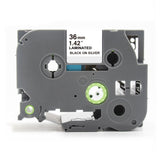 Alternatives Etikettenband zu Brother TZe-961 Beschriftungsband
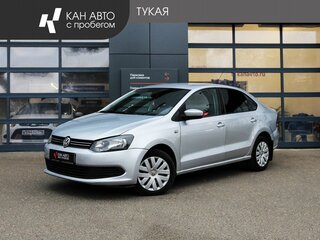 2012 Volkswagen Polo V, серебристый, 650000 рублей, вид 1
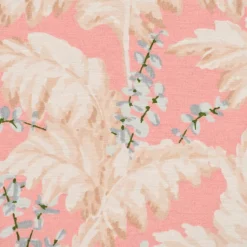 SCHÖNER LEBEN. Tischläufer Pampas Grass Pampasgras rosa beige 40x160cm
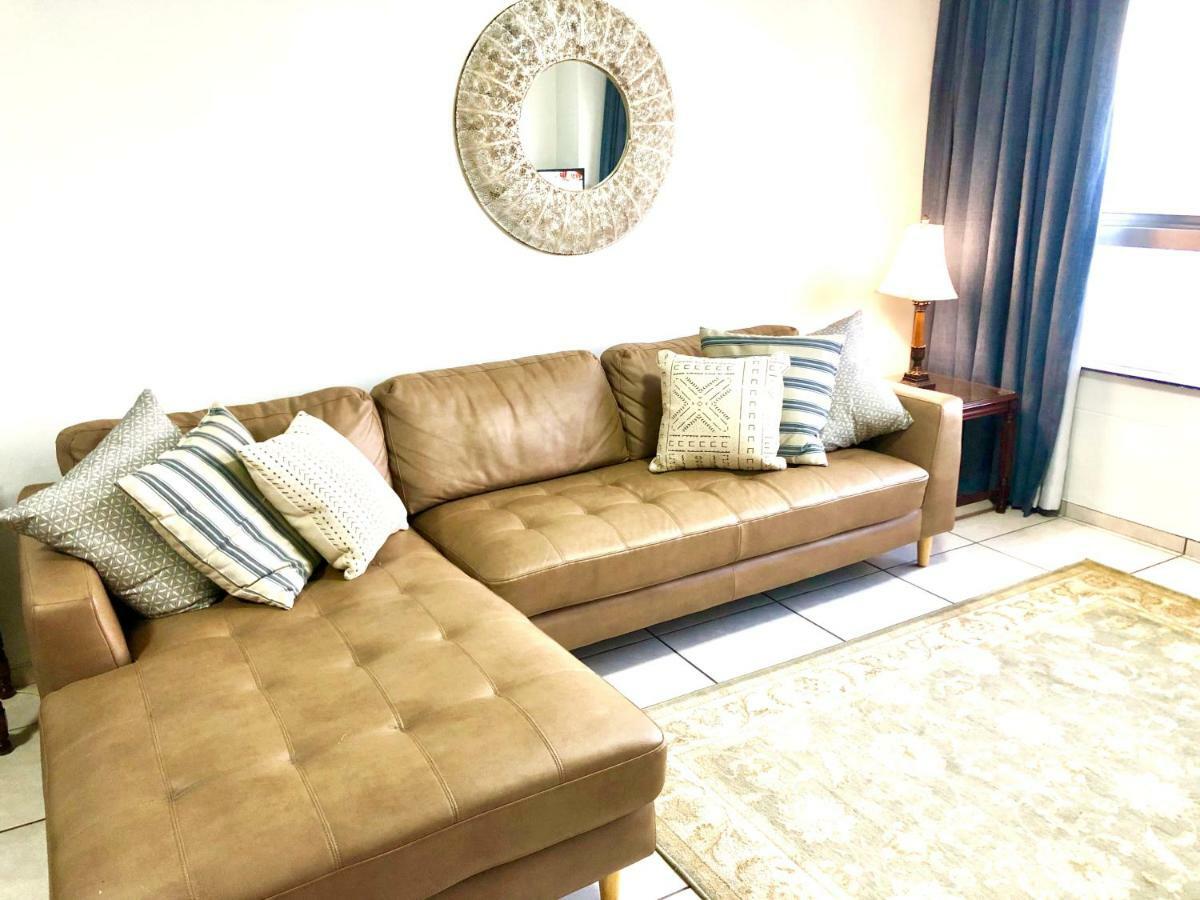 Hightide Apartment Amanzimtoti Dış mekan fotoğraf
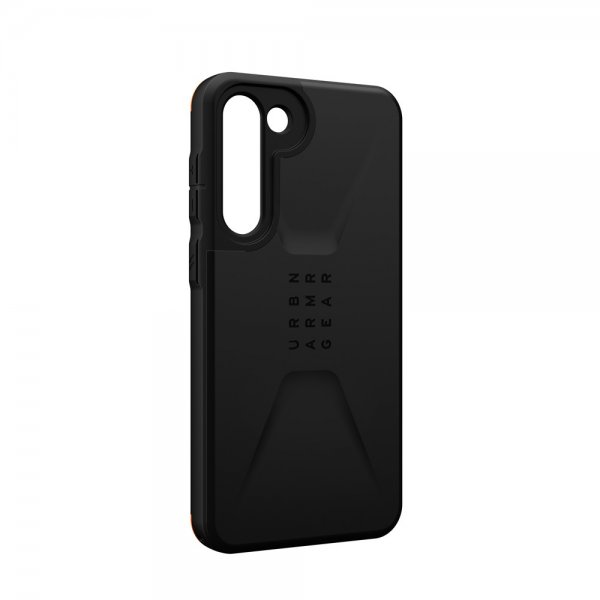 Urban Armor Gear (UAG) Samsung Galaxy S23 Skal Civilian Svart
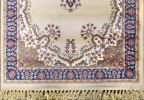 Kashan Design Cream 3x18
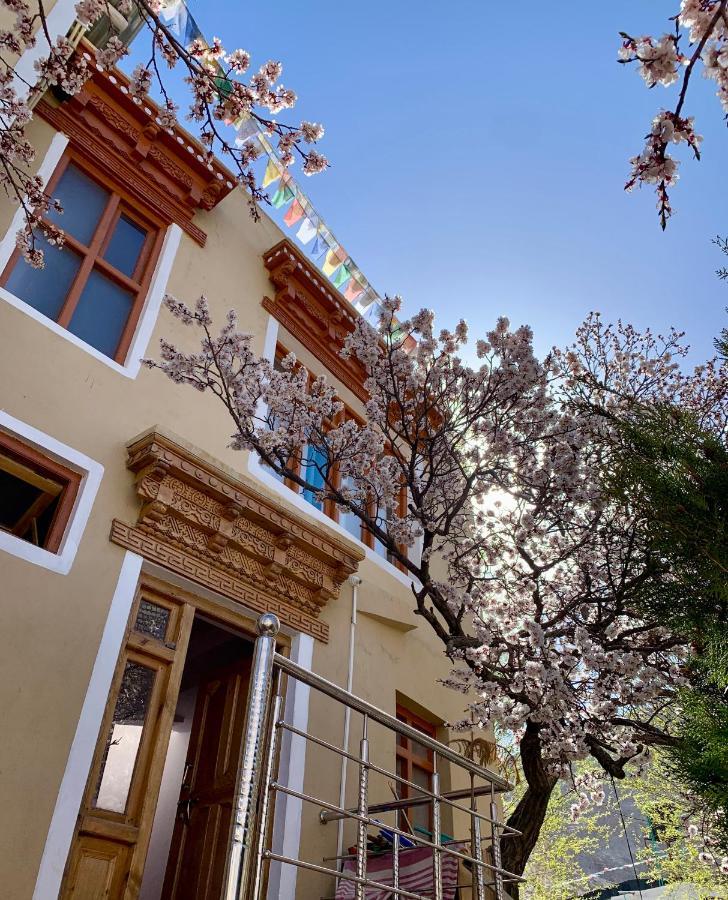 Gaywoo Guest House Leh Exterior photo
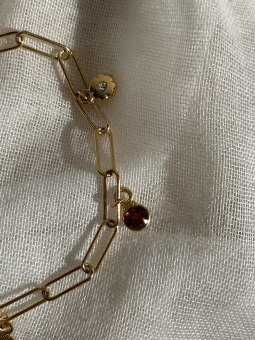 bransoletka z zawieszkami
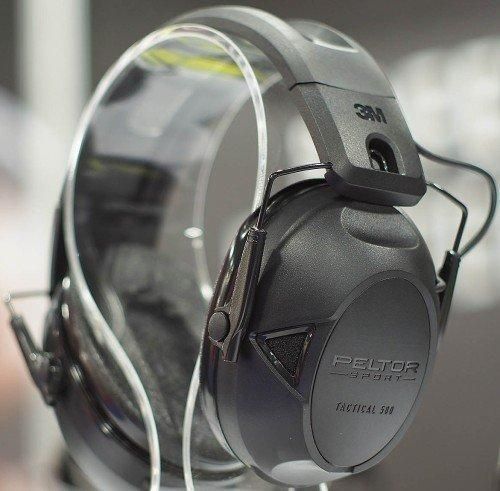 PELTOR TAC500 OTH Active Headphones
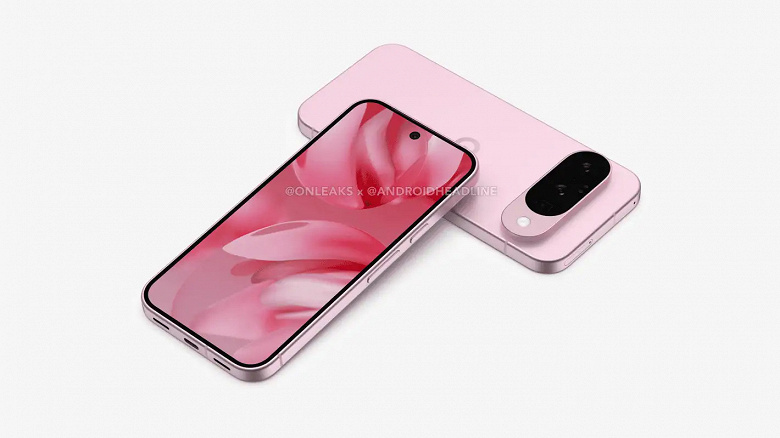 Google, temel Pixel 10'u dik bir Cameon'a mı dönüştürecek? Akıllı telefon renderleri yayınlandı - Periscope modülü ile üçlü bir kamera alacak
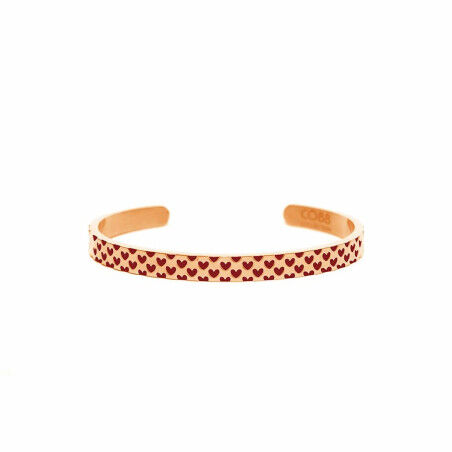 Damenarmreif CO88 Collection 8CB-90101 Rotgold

....

**EXERCISE BRIEF**
Write the full listing out again with every line unchanged, but include no pictures.

**TASK OUTPUT**
 Alternatives Etikettenband zu Brother TZe-961 Beschriftungsband
 2012 Volkswagen Polo V, серебристый, 650000 рублей, вид 1
 SCHÖNER LEBEN. Tischläufer Pampas Grass Pampasgras rosa beige 40x160cm
 Hightide Apartment Amanzimtoti Dış mekan fotoğraf
 Urban Armor Gear (UAG) Samsung Galaxy S23 Skal Civilian Svart
 Kashan Design Cream 3x18
 Gaywoo Guest House Leh Exterior photo
 bransoletka z zawieszkami
 PELTOR TAC500 OTH Active Headphones
 Google, temel Pixel 10'u dik bir Cameon'a mı dönüştürecek? Akıllı telefon renderleri yayınlandı - Periscope modülü ile üçlü bir kamera alacak
 Damenarmreif CO88 Collection 8CB-90101 Rotgold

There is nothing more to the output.